That's his translation.
He said he was just a youngster doing what adults told him to do, but that's not true either.
Before the U.S. attacked the little fort that Cotter was holed up in, they called out on loudspeakers through translators for any women and children to leave the bunker before the Americans attacked it.
And the women and children did leave.
But not Cotter.
He was just a few weeks shy of his 16th birthday and he wanted to murder an American.
And in fact, when he was captured, the first thing he said, looking up at the Americans, he swore at them and then he said, kill me now, so he could go be a martyr and get his 72 virgins.
And when he was in Guantanamo Bay, he told guards that murdering Sergeant Spear was the greatest day of his life.
What's the greatest day of your life?
Was it when you graduated from school?
Was it when you got married?
Was it when you had your first child?
For Omar Cotter, the greatest day of his life was when he murdered an American.

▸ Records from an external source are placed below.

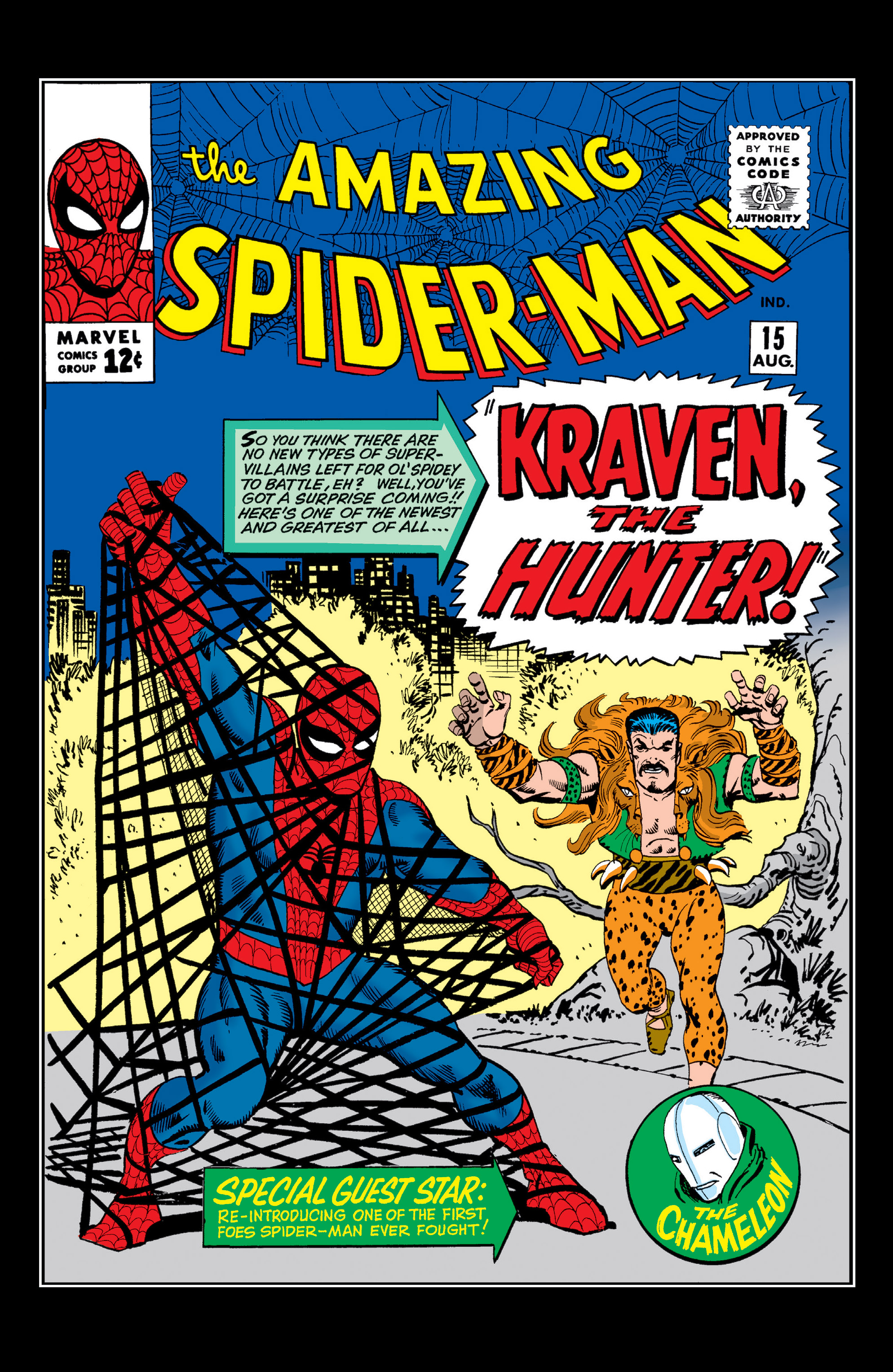 Read online Marvel Masterworks: The Amazing Spider-Man comic -  Issue # TPB 2 (Part 1) - 97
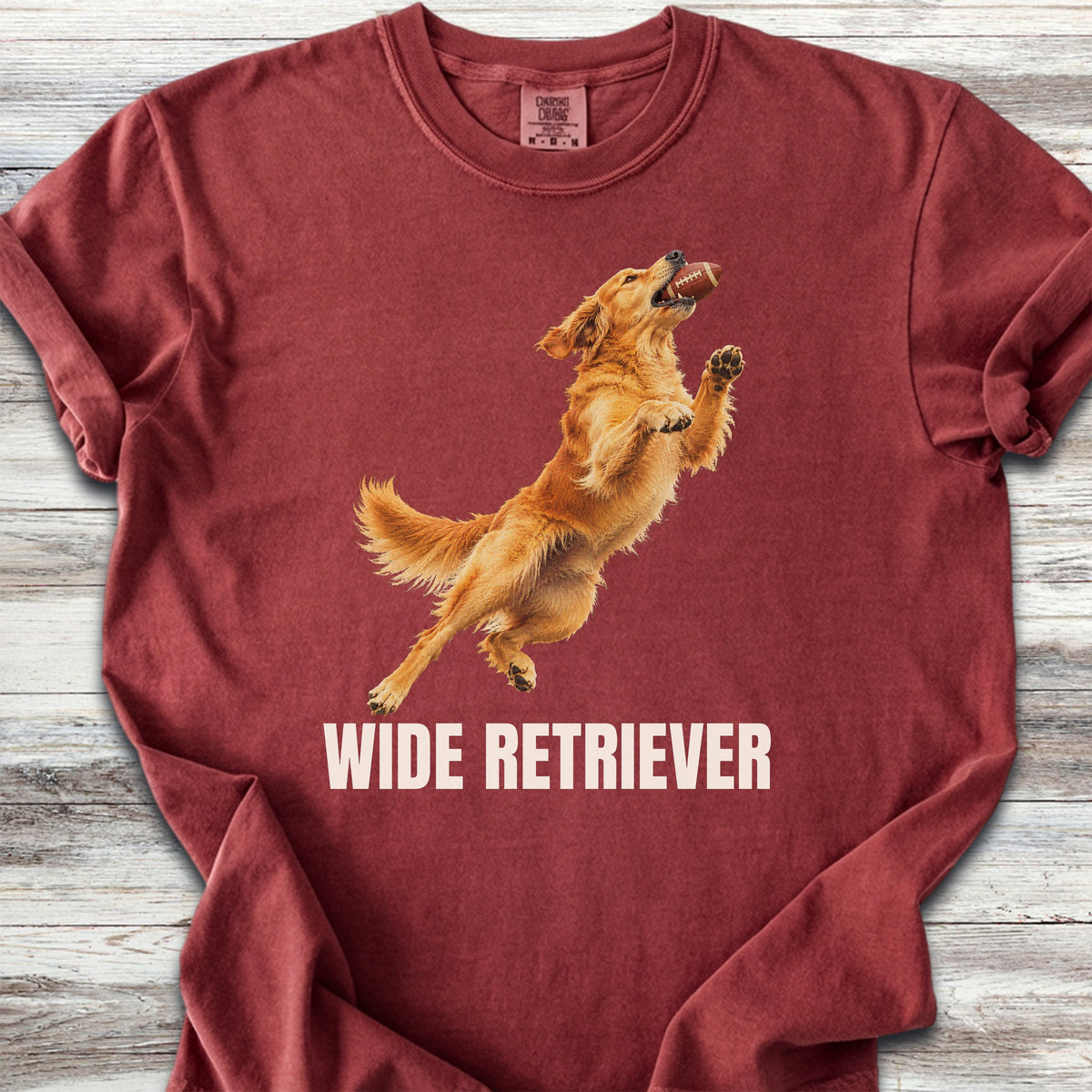 Golden Retriever Wide Retriever - Brick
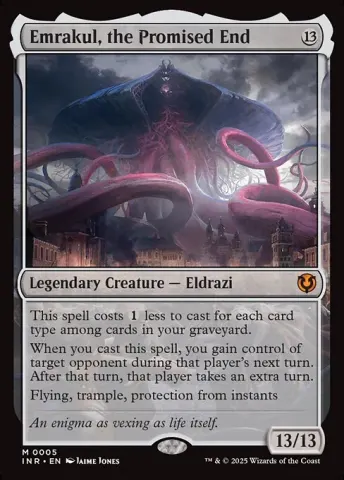 Emrakul, the Promised End · 5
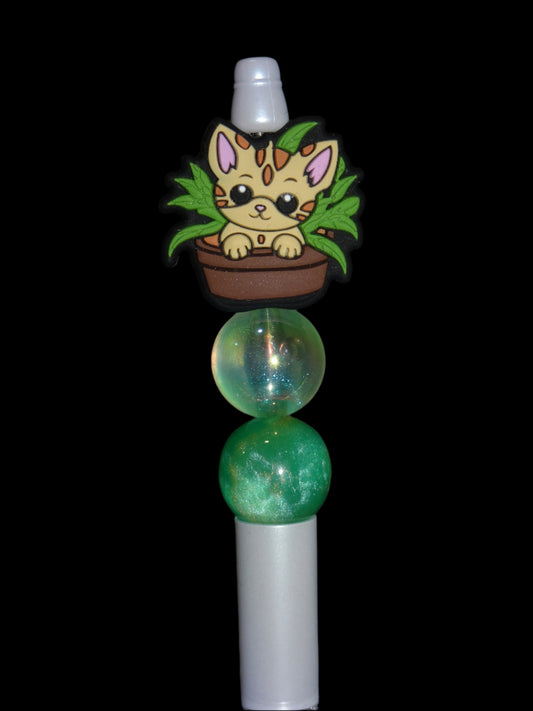 Cat Plant Pen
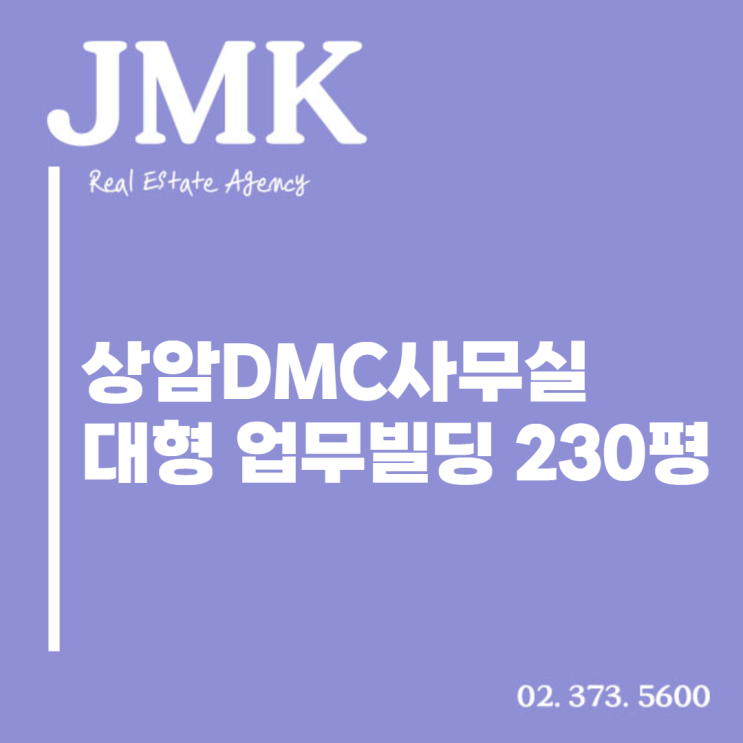  상암DMC사무실 대형 업무빌딩 230평
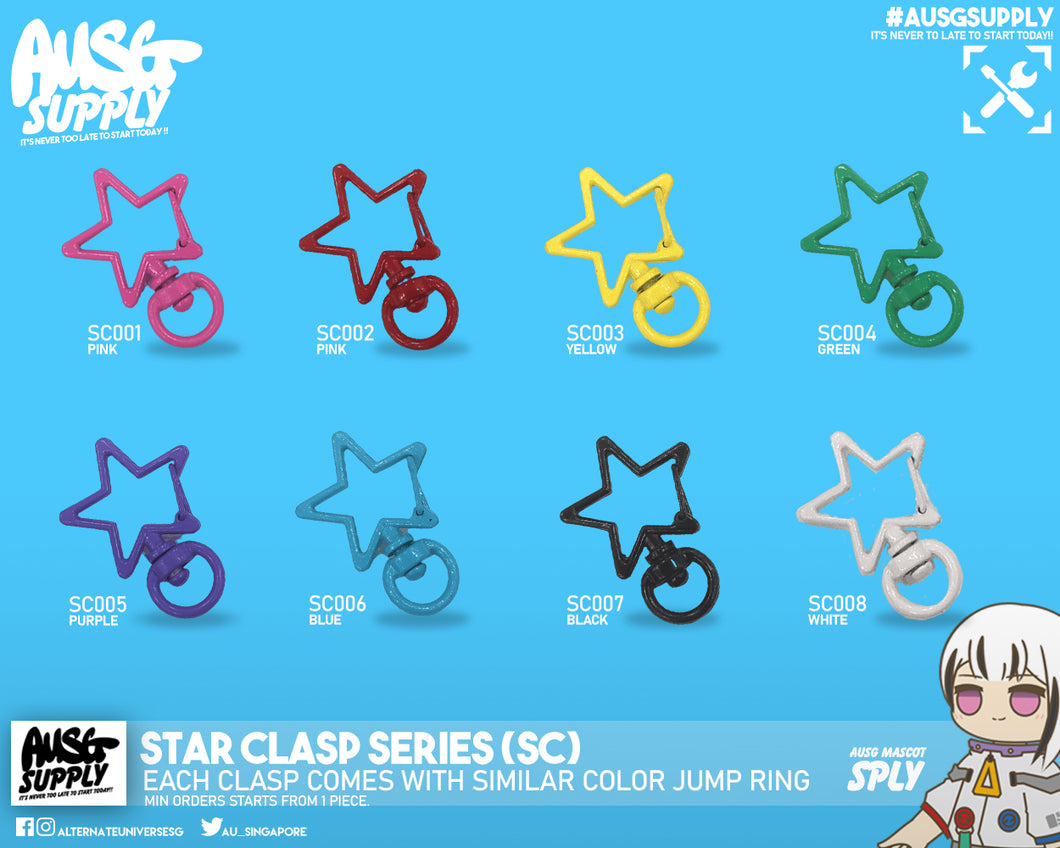 Star Clasp Series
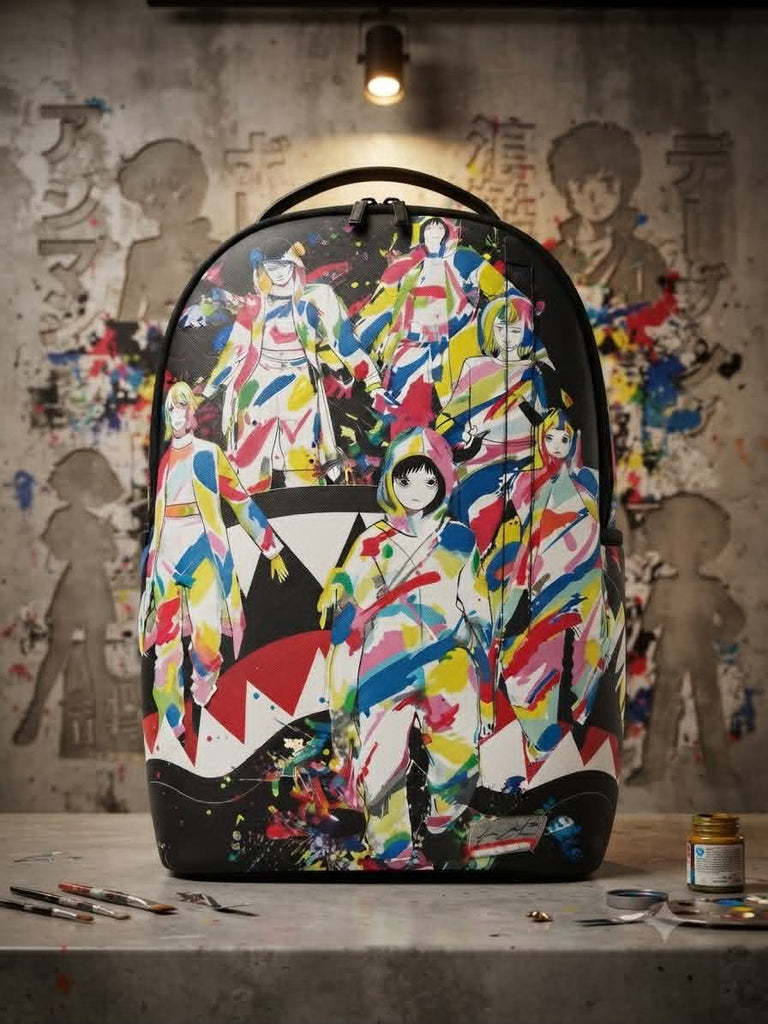 ZAINO SPRAYGROUND 8647 HIDEKI SAIJO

But now he tells the CBC, no, I didn't do that.
It's just some false memory that was put in my head.
I didn't do it.
And he actually suffered.
And he suffered for our sins, he said on Easter Sunday.
And he took the money on behalf of all Canadians.
That's why he took it.
And the CBC loved it.
More than loved it.
Look at this guy.
This can only be described with the word erotic.
I've been listening to you since the beginning.
And how can you be so mentally strong?
Because like you seem so zen after everything that happened to you.
You seem so accepting of life.
I'm super positive, but I know I wouldn't be where you are right now.
And how do you do it?
That's Woody Belfort, who's a wheelchair athlete, someone who's actually overcome something and been a role model for good.
He actually seems like a good guy.
I'm not going to come down on him too hard.
He's just a normal guy who by chance was stuck on a variety show the same day as a terrorist was.
Everyone was treating the terrorists like a hero in that room.
Belfort actually had the last comment of the day.
All the smart people were, all the informed people, all the powerful people were gushing over Cotter.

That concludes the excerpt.